Thank you for bringing up this important issue. We agree that a direct performance comparison would be important to demonstrate. We performed additional analyses to compare OCA with ICA and one easy frequency domain exploratory technique in both simulated and real human data (see Section How does OCA compare to conventional approaches? and Supporting Text: Comparison of OCA to traditional approaches in experimental EEG data). The results of the simulated data are shown in the revised Figure 3 in page 12. Although the slow and alpha oscillations in this simulation are statistically independent under the generative model, ICA identifies components that mix these independent signals, as one would expect based on the above discussion (i.e., all components are Gaussian). Meanwhile, OCA is able to recover distinct slow and alpha components. We repeated this analysis in real human EEG during propofol-induced unconsciousness and found a similar result where ICA produced components that mixed slow and alpha band signals whereas OCA identified distinct oscillatory components (see Figure S4.1 in Supporting Text: Comparison of OCA to traditional approaches in experimental EEG data).
Minor
"a recently-described class of state-space models" -> of the three references, one is from the sixties, another from the eighties, and the last one is 21 years old. Is this really a recent idea?
Maybe rephrase "recently-described", or else think of more recent references that bring something new?
We have amended the wording as suggested. (See page 4, line 53)

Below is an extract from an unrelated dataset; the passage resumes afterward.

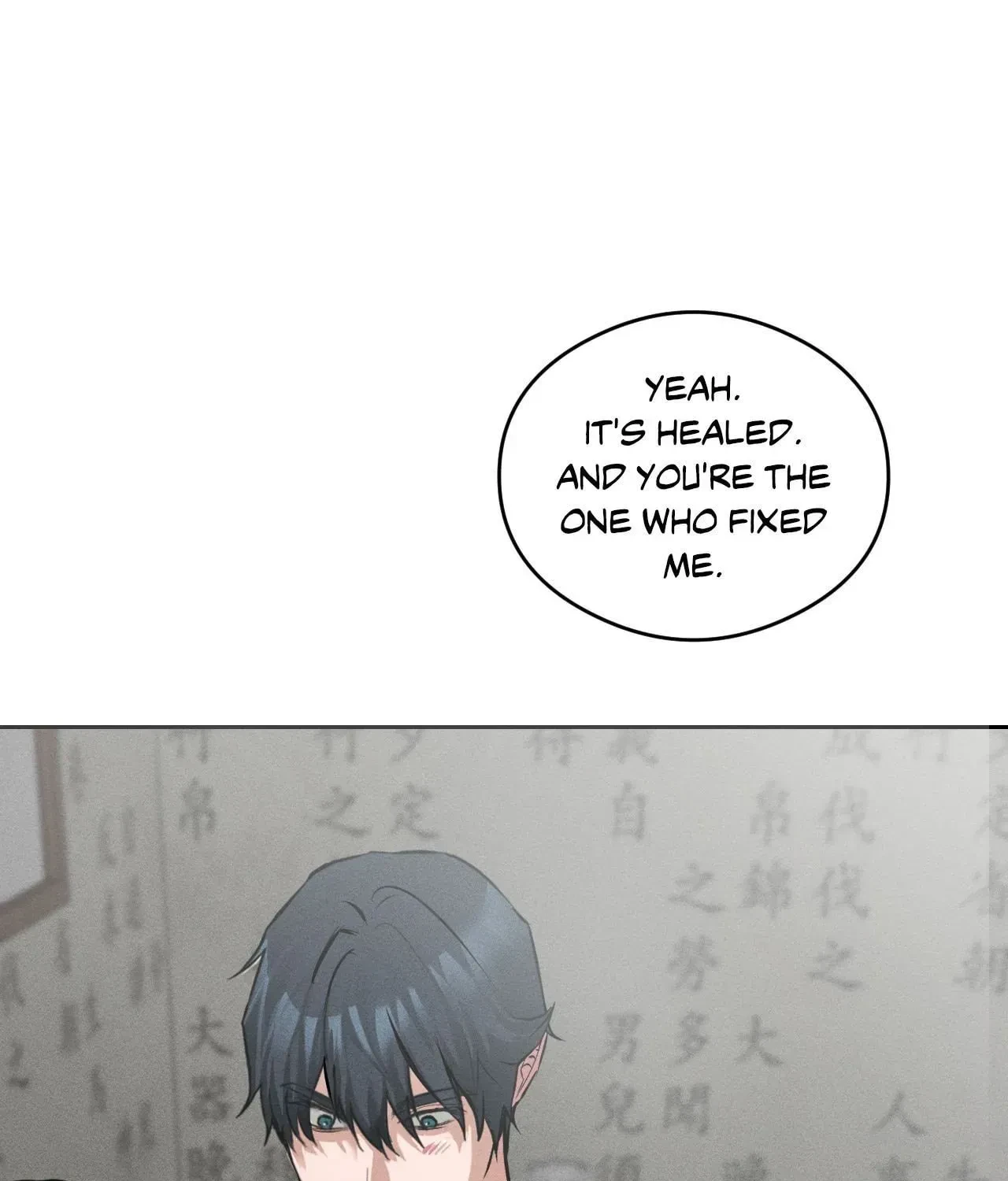 Chapter 11, page 45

Lines 72-74. It might be useful to unwrap in *intuitive* terms why the elements of this vector are closely related to the real and imaginary parts of the analytic signal.

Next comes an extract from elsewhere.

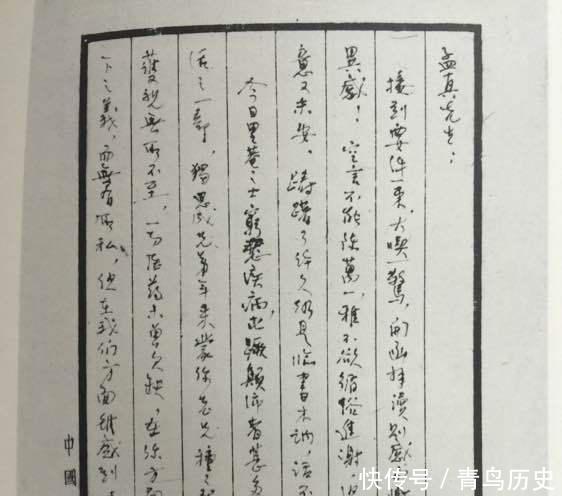 梁思成!林徽因罕见手稿曝光,字迹很是漂亮!林徽因罕见手稿曝光,字迹很是漂亮!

Thanks for the helpful comment. The sentence now reads:
“These elements of this state vector traces out two time-series that maintains an approximate π/ 2 radian phase difference and therefore are closely related to the real and imaginary parts of an analytic signal…”. (See page 5, lines 72-75)

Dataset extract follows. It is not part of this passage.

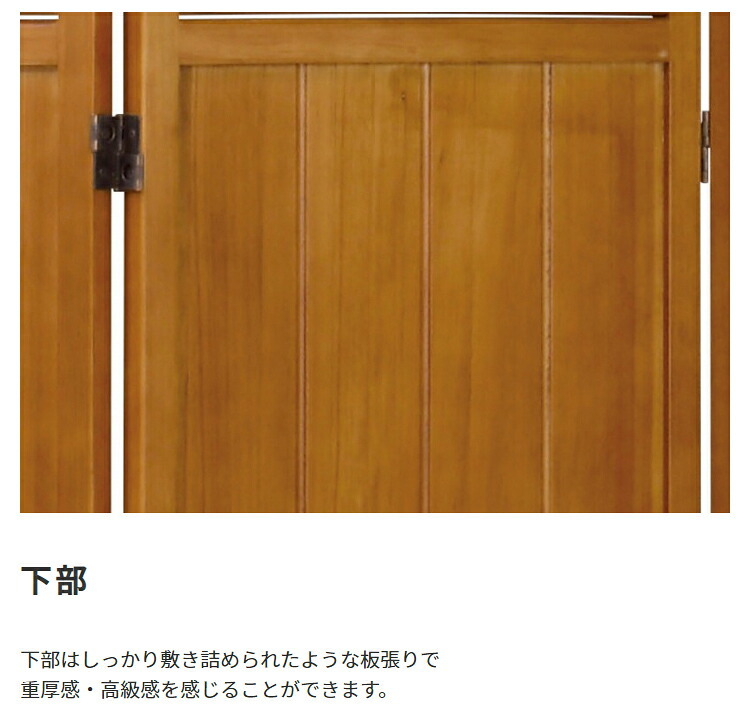 木製パーティション パーテーション 衝立 間仕切り 目隠し 高さ135cm ルーバー 風通し スリム 省スペース 360°回転可能 北欧ヴィンテージ風 アンティーク風 クラシカル おしゃれ かわいい シンプル レトロ 一人暮らし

Also, relatedly, I don’t seem to have access to the SI which is supposed to explain this. It doesn’t show up in the BiorXiv preprint either.
We are sorry to hear that. BiorXiv merges all the supporting information and posts them under the Supplementary Material.
In Eq(1) should it be R(f) instead of R(2 \pi f / f_s) ?
Thank you for catching this typo.
As I understand from lines 182-195, the input for the method is not channels but PCA components. Since R is learned, presumably the variance of the lower-order PCs (i.e. the latest elements of the diagonal of R) will estimated to be small. This, in turn, would make the likelihood to be heavily weighed on these components (because one basically divides their contribution by their variance). Would this potentially bias the estimation towards these lower-order PCs, at the expense of higher-order PCs. In a different context, this is shown here: https://journals.plos.org/ploscompbiol/article?id=10.1371/journal.pcbi.1008580 Maybe it would be worth commenting on this?
We agree with reviewer’s initial observations but disagree with the assessment. Our loglikelihood calculation reweights the components appropriately to counter the weighting coming due to spatial whitening, thus negating the above-mentioned bias. The main contribution of the spatial whitening and PCA are to make the learning numerically stable, i.e., it does not encounter underflow or overflow in the iterative steps. We also note that this spatial whitening, and the PCA are also reverted at the end to obtain the spatial components and estimated noise covariance. So, as long as we use all the components with strictly positive variances, we will not bias the log-likelihood one way or other.